There's also the Super Styling Sessions with Sue and Jay. They have a DVD on poodles, but I think they are pet trims. The DVD costs $74.95 on PetEdge. Super Styling Sessions DVD | PetEdge.com - Here is their actual website: Super Styling Sessions || Instructional DVD's || The Poodle (5 minute clip of the DVD on this site)

You can also find other grooming DVDs on PetEdge: Search Results | PetEdge.com - you can buy a whole set of various breeds, or pick the breeds you want to learn about.


----------



## pgr8dnlvr (Aug 7, 2011)

I sure appreciate your advice toki, but I'm wondering if there's any more word on this site or others like it? I've called my groomer friend a few times in the last month as I'm getting anxious to tidy up Lucy, but it seems he's pretty darn busy. Yay for him, boo for me!  

Not wanting to be a bother, and not wanting to have someone else groom Lucy without me present (I want each grooming experience to be a learning one for me) I am chomping at the bit to perhaps try some clipping myself. 
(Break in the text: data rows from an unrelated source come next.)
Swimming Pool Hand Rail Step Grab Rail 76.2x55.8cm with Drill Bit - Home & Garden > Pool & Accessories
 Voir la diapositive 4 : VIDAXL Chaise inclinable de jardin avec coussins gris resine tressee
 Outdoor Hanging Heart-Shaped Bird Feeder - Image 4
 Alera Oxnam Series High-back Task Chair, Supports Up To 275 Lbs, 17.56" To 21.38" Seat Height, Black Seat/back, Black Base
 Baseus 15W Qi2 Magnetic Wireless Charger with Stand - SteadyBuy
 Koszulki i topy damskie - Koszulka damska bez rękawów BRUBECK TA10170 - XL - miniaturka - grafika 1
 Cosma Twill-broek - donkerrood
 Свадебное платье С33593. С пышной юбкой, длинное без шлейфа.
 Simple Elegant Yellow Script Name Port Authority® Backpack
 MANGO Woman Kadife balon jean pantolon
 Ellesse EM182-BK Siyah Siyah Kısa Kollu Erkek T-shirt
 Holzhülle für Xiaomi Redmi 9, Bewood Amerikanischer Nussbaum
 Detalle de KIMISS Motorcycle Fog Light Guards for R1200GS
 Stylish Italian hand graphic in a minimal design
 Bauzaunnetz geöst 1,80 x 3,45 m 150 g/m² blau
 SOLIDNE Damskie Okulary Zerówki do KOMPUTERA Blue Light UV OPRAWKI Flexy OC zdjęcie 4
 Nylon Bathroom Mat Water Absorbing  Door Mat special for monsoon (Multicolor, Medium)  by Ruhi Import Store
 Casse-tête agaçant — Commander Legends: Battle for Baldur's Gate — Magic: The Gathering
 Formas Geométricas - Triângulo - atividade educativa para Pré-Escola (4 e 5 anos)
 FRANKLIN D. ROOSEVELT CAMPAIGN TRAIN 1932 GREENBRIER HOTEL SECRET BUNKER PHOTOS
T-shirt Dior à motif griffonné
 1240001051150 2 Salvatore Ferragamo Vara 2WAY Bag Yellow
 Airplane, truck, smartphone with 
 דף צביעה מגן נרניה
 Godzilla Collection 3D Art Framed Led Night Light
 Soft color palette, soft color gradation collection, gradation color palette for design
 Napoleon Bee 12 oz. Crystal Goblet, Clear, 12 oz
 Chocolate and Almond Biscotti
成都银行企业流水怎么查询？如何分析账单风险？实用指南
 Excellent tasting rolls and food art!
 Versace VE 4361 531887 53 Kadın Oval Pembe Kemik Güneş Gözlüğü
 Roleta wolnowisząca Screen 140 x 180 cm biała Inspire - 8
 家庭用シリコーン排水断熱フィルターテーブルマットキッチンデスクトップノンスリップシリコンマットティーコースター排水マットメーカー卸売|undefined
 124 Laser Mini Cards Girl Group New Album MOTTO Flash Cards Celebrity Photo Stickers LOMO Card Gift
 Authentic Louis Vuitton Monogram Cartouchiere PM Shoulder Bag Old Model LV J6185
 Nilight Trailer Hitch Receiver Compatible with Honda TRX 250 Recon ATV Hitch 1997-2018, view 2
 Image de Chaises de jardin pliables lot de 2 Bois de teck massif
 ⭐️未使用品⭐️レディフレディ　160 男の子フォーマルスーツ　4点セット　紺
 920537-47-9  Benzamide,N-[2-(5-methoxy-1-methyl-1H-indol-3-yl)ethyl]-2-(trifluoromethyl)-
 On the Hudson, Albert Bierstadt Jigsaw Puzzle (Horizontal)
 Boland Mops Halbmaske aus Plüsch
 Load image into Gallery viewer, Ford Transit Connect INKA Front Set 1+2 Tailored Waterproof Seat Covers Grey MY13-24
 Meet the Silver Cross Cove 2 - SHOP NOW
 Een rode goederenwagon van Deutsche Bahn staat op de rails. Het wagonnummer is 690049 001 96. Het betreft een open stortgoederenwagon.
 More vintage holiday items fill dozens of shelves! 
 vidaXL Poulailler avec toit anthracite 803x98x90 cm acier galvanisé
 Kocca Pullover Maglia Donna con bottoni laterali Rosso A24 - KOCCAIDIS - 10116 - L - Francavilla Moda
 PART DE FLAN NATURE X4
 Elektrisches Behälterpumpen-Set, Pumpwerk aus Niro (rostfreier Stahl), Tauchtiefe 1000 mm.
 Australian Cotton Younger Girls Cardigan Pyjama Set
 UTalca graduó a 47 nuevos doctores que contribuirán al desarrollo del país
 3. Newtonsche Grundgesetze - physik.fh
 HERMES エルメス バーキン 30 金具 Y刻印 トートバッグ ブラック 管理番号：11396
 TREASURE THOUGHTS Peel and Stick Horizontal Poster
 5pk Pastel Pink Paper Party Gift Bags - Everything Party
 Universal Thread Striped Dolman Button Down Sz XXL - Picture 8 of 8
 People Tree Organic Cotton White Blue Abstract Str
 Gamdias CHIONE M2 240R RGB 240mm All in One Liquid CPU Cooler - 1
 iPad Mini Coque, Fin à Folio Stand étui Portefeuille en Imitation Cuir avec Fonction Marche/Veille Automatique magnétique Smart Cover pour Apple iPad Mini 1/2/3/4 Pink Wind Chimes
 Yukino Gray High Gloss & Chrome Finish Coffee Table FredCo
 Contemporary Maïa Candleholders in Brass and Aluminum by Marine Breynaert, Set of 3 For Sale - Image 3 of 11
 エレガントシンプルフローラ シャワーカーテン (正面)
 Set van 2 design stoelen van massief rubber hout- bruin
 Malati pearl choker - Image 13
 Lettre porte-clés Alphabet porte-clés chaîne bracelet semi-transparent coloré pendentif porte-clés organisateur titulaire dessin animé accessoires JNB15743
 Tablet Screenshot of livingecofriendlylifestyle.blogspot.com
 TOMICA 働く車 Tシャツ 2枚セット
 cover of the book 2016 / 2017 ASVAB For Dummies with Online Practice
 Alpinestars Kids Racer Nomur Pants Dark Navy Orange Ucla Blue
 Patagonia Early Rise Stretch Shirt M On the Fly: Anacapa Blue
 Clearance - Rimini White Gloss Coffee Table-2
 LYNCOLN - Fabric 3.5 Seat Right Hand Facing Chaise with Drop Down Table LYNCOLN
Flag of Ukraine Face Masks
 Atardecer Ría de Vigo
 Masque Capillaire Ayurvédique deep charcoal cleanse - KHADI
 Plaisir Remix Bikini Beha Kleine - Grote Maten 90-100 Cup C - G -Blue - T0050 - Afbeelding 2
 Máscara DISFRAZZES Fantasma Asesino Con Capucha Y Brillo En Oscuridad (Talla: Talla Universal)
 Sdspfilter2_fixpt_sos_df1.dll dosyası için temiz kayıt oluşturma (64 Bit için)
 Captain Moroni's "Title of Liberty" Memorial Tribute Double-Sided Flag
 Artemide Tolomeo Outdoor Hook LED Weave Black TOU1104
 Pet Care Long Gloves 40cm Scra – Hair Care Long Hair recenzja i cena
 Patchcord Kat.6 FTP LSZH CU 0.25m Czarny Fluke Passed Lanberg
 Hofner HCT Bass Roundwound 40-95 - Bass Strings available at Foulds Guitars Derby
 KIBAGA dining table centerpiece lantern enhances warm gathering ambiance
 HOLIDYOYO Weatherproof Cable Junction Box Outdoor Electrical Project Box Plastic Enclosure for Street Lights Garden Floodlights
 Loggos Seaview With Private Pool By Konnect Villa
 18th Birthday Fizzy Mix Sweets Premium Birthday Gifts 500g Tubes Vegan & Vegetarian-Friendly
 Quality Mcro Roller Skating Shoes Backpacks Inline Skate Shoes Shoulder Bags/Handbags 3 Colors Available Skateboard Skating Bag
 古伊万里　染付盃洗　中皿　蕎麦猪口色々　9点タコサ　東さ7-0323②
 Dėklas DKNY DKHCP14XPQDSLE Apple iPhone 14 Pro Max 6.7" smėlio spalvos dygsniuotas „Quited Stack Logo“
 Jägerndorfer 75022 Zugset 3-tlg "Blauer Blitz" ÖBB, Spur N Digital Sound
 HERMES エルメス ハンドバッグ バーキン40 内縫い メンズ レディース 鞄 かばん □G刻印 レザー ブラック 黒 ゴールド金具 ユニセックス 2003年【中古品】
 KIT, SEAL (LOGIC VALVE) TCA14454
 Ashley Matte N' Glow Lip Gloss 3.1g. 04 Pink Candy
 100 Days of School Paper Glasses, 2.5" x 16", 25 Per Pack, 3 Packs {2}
I sure hope I don't really mess things up, but heck, if poodle hair really grows a half inch a month, and time keeps flying like it does, perhaps my groomer friend will be able to make her look presentable again in 6 or 7 months?!? Lol 

Anywho, perhaps the site is run in such a way I can go halvers with someone and share a membership for a while...

Rebecca


----------



## pgr8dnlvr (Aug 7, 2011)

Wow Toki! Wishing I had taken heed of you a little earlier! Those super styling session dvd's may also be just what I want . THX!

Rebecca


----------



## tokipoke (Sep 3, 2011)

Go to learn2groomdogs website and enter the code FACE2012. You get one month free! I'm not sure how long this will last. You can try it for a month and cancel if you don't like it (make sure you cancel because you still have to enter your credit card information for the free month).


----------



## pgr8dnlvr (Aug 7, 2011)

Well, I had already paid BEFORE you put up that post  

I put in a call to their customer service though, and left a message with my my concerns, hoping to get a kickback of some sort. The lady said she would have my call returned by tomorrow and almost as soon as I hung up BAM they called back. They voided the charge that hadn't even been posted yet, so I've got my free month!

Happy Birthday to me! 

Have you still not tried the site Toki?

THANKS A MILLION! Like a birthday present for me! YAY! Now if only I could get the "groomers helper" set, along with a shear set of some sort I'd be ON MY WAY!!!

Rebecca


----------



## Ms Stella (Aug 16, 2010)

I have the continental super styling video. I really like it.


----------



## tokipoke (Sep 3, 2011)

Glad to hear it worked out for you!! I recently signed up. Only watched two videos so far. Still trying to catch up on all of my Jodi Murphy DVDs.


----------